Приводить отдельные примеры, значило бы уже повторяться — так поразительно походят друг на друга варварские общины, невзирая на разность климатов и рас. Один и тот же процесс развития совершался во всем человечестве, с удивительным однообразием. Когда, разрушаемый изнутри отдельной семьёй, а извне — расчленением переселявшихся родов и необходимостью для них принимать в свою среду чужаков, родовой строй начал разлагаться, на смену ему выступила деревенская община, основанная на понятии об общей территории. Этот новый строй, выросший естественным путём из предыдущего родового строя, позволил варварам пройти через самый смутный период истории, не разбившись на отдельные семьи, которые неизбежно погибли бы в борьбе за существование. При новой организации развились новые формы обработки земли; земледелие достигло такой высоты, которая большинством населения земного шара не была превзойдена вплоть до настоящего времени; ремесленное домашнее производство достигло высокой степени совершенства. Дикая природа была побеждена; чрез леса и болота были проложены дороги, и пустыня заселилась деревнями, отроившимися от материнских общин. Рынки, укреплённые города, церкви выросли среди пустынных лесов и равнин. Мало-помалу стали вырабатываться представления о более широких союзах, распространявшихся на целые племена и на группы племён, различных по своему происхождению. Старые представления о правосудии, сводившиеся просто к мести, медленным путём подверглись глубокому видоизменению, и обязанность исправить нанесенный ущерб заступила место мысли об отмщении.

Обычное право, которое по сию пору остаётся законом повседневной жизни для двух третей человечества, если не более, выработалось понемногу при этой организации, равно как и система обычаев, стремившихся к предупреждению угнетения масс меньшинством, силы которого росли по мере того, как росла возможность личного накопления богатств.

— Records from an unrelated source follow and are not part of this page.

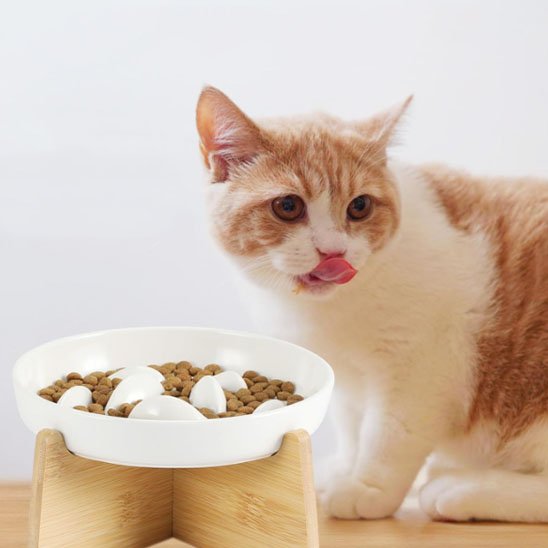 gamelle anti glouton chat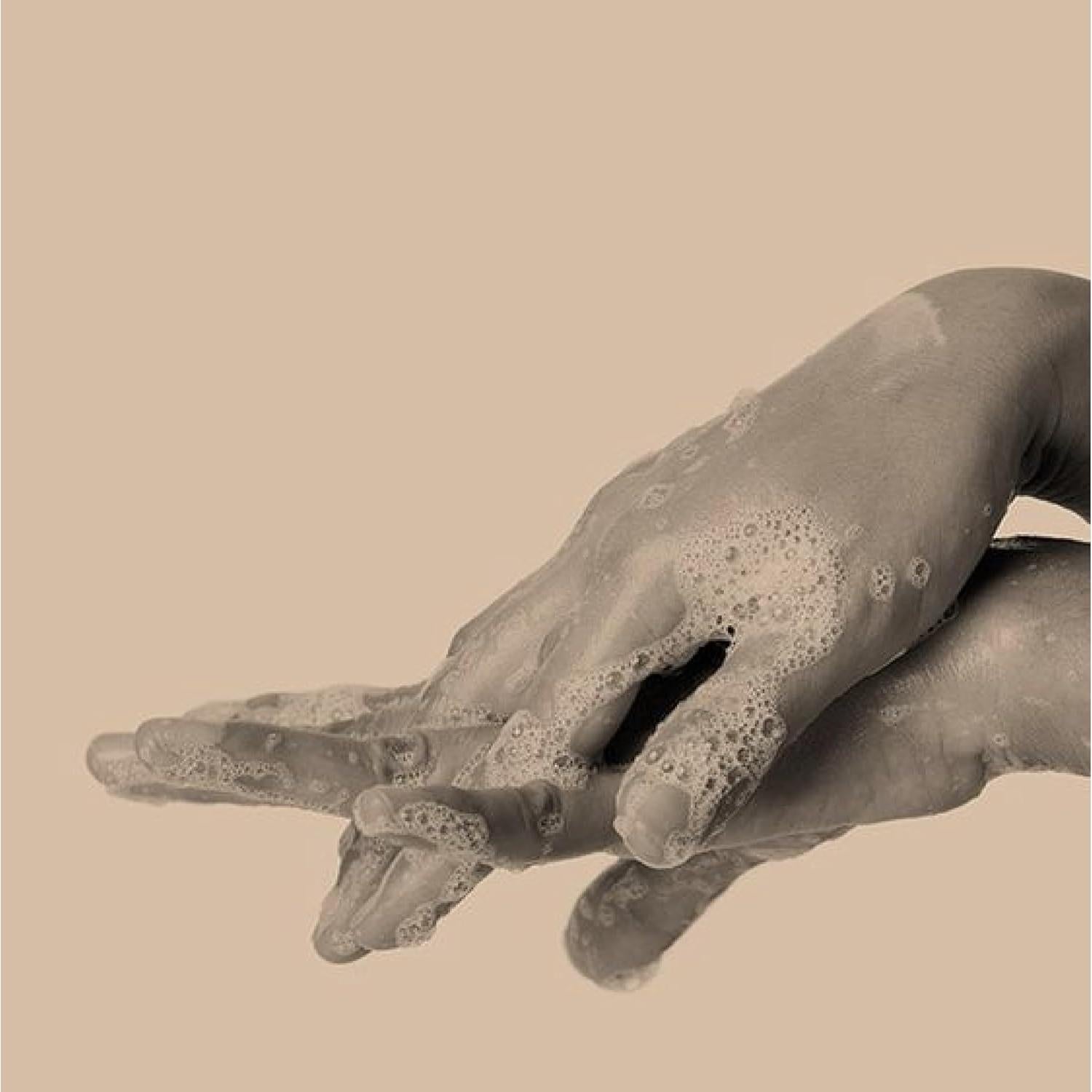 Aesop Jabón de Manos y Gel de Cuerpo 478 g Hoja de Geranio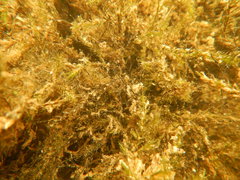 Fontinalis dalecarlica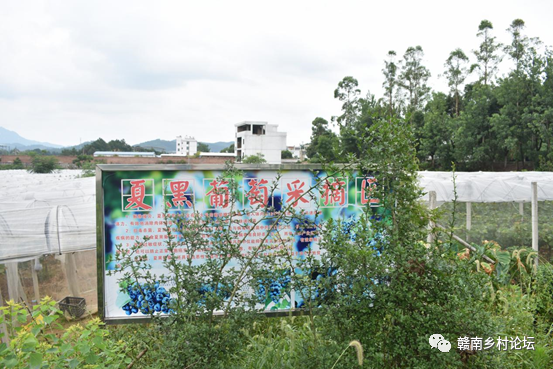 梓山万亩富硒蔬菜基地（梓山蔬菜基地门票多少）-硒宝网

Такова была новая форма, в которую вылилось стремление масс к взаимной поддержке. И мы увидим в следующих главах, что прогресс — хозяйственный, умственный и нравственный — которого достигло человечество при этой новой народной форме организации, был так велик, что когда, позднее, начали слагаться государства, они просто завладели, в интересах меньшинства, всеми юридическими, экономическими и административными функциями, которые деревенская община уже отправляла на пользу всем.